The protocol works like this:

  • The coordinator sends a “vote request” message to the participants, in which it asks the vote of a participant, that would be yes or not;
  • When the participant receives the “vote request”, it chooses its vote and:
    • If it’s yes, sends Yes
    • If it’s no, sends No or abort the process
  • When the coordinator receives all the votes from the participants:
    • If all the votes are yes, it sends a “commit” message to the participants;
    • Otherwise, it sends an “abort” message to the participants.
  • When the participant receives the “commit” or “abort” message from the coordinator, they do the action.

Senza titolo-2022-10-11-1322.png

The protocol has to be tolerant to failures. Let’s assume there could be a lost message or a process crash.

Both the coordinator and the participants cannot wait forever for a message, so they embed a timeout after which they do something.
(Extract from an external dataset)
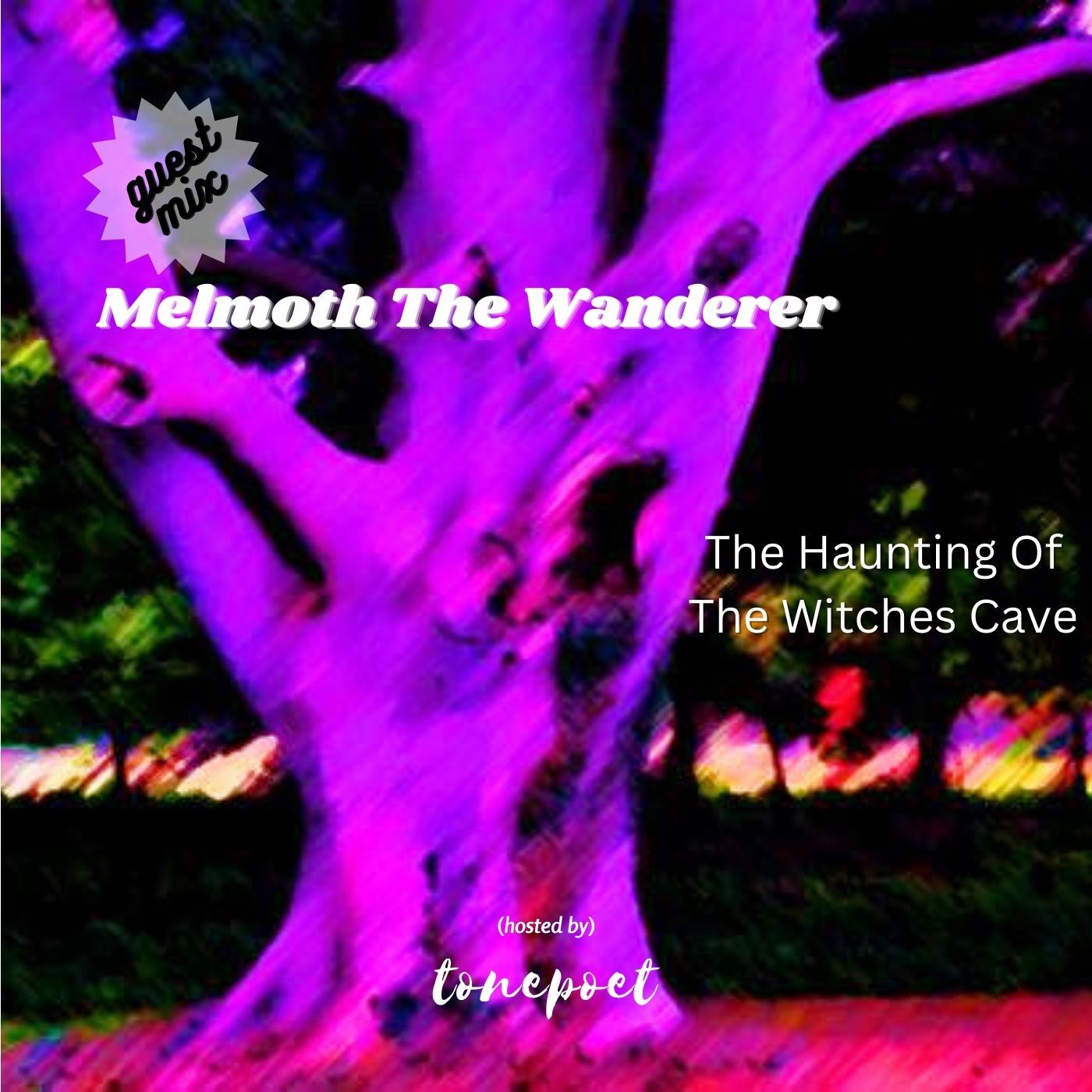 Melmoth_The_Wanderer_-_The_Haunting_Of_The_Wi...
If a partecipant don’t receive a message from the coordinator once the timeout is over, they abort (it’s safe to do so).

If the coordinator doesn’t receive the message of a partecipant once the timeout is over, they send an “abort” message. This solution is safe since it doesn’t go against the properties. (The fourth property assumes there would be no failures).

What if a partecipant doesn’t receive the final “commit” or “abort” message? What should it do? Aborting would not be safe since the message could be “commit” and all the other processes would commit.

If the process has voted “Yes”, the solution is to ask to another process if they’ve committed or aborted and follow their lead. If also the other process it’s waiting the protocol it’s stuck.

If the process has voted “No”, it have already aborted or the message would surely be “abort, so there is no problem.

The probability of being stuck is low but possible, since the problem cannot be solved in any case.

2-Phase Commit Recovery

If a process crashes, it should be able to reboot and recover its state after a certain interval of time in order to complete the transaction anyway. This could be achieved by logging.

The log is local to the process, since we cannot have a global log. This log is called DTLog and it works like this:

  1. When the coordinator C starts the transaction, DTLOG <- start2PC and adds some details like the partecipants list, the id of the transaction and other things.
  2. When a partecipant P votes, there are two cases:
    1. It votes “Yes”, then DTLOG <- yes before sending the vote. It’s important to log before sending the vote because if the process sends the vote and then crashes, it would recover, look at the log, see nothing and then abort. This will not be safe since the message sent is yes and the cordinator may send commit.
    2. When P votes No, then DTLOG <- no either before or after sending the vote. In this case it’s not important to log before because either the process crashes or not it will abort anyway.
  3. When C sends the “commit” or “abort” messgae, there are again two cases:
    1. When C sends commit, then DTLOG <- commit before sending the message. Before because if C crashes, it finds only start2PC and if it sends an abort it would not be safe.
    2. When C sends abort, then DTLOG <- abort before of after sending the message.
  4. When P receives the decision, then it logs it in DTLOG.